Which lines run from the line with "Contrast Trim Mini Tube Dress / Shrug" through the line with "VIVANCO Hochwertiges HDMI" in the entries below? Print them exactly, both ends included, and nothing more.

◆ **DATA FOR ANALYSIS**:
'''

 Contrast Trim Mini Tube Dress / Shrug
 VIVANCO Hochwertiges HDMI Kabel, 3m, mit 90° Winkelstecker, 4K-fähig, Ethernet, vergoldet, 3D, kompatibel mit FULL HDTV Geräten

'''
'''

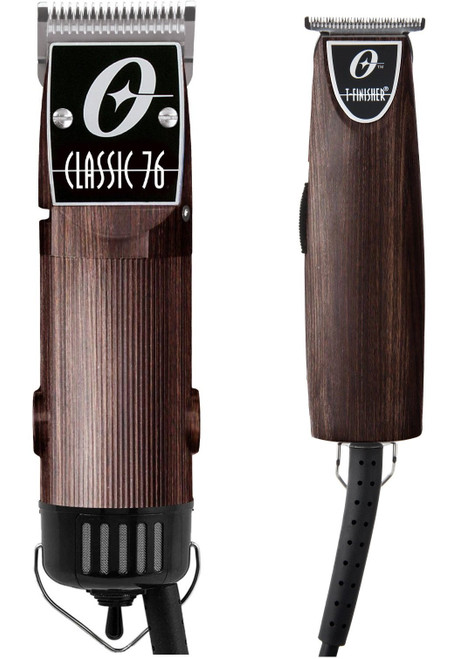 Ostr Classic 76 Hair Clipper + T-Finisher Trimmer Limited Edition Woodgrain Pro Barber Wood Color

'''
'''

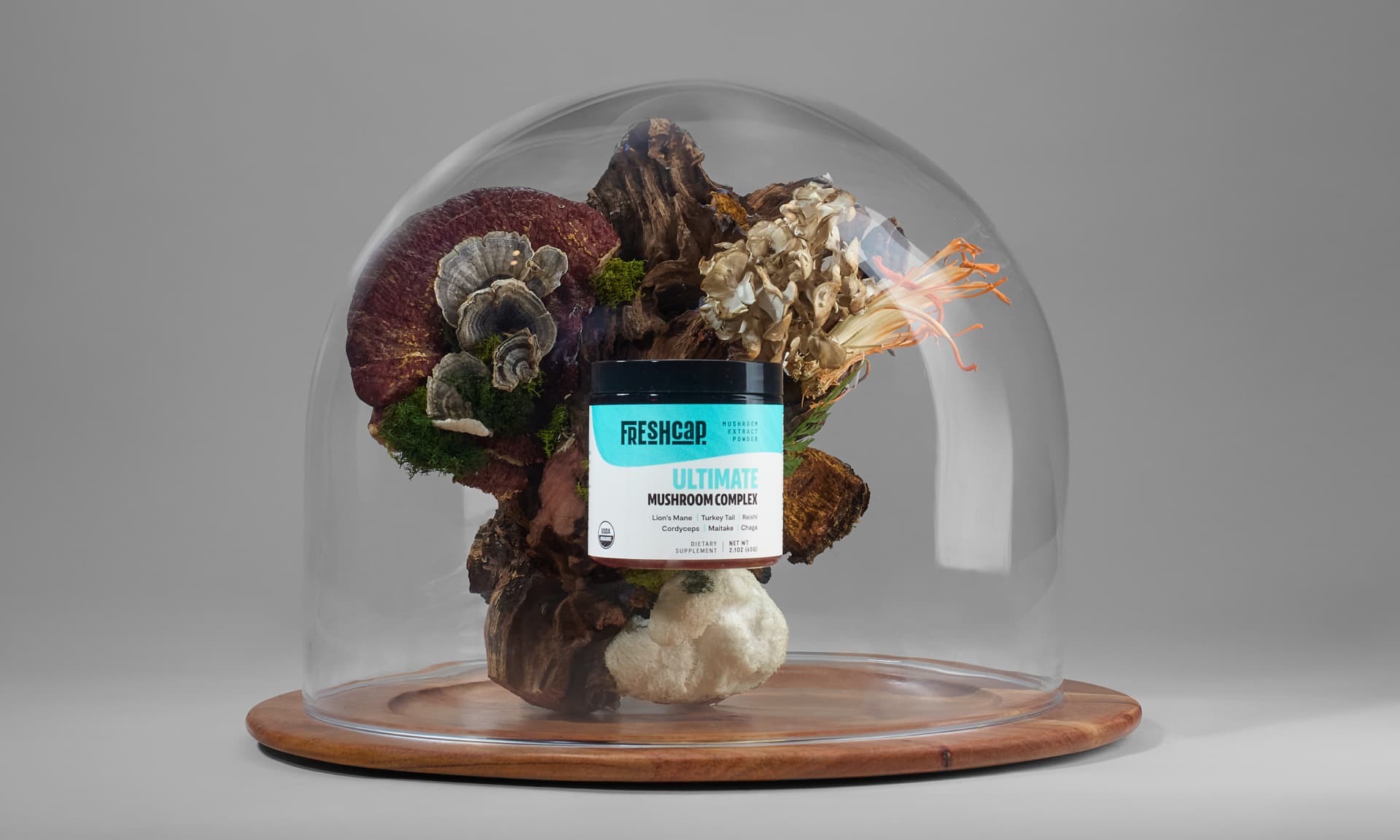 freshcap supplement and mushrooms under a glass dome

'''

◆ **EXERCISE ANSWER**:
 Contrast Trim Mini Tube Dress / Shrug
 VIVANCO Hochwertiges HDMI Kabel, 3m, mit 90° Winkelstecker, 4K-fähig, Ethernet, vergoldet, 3D, kompatibel mit FULL HDTV Geräten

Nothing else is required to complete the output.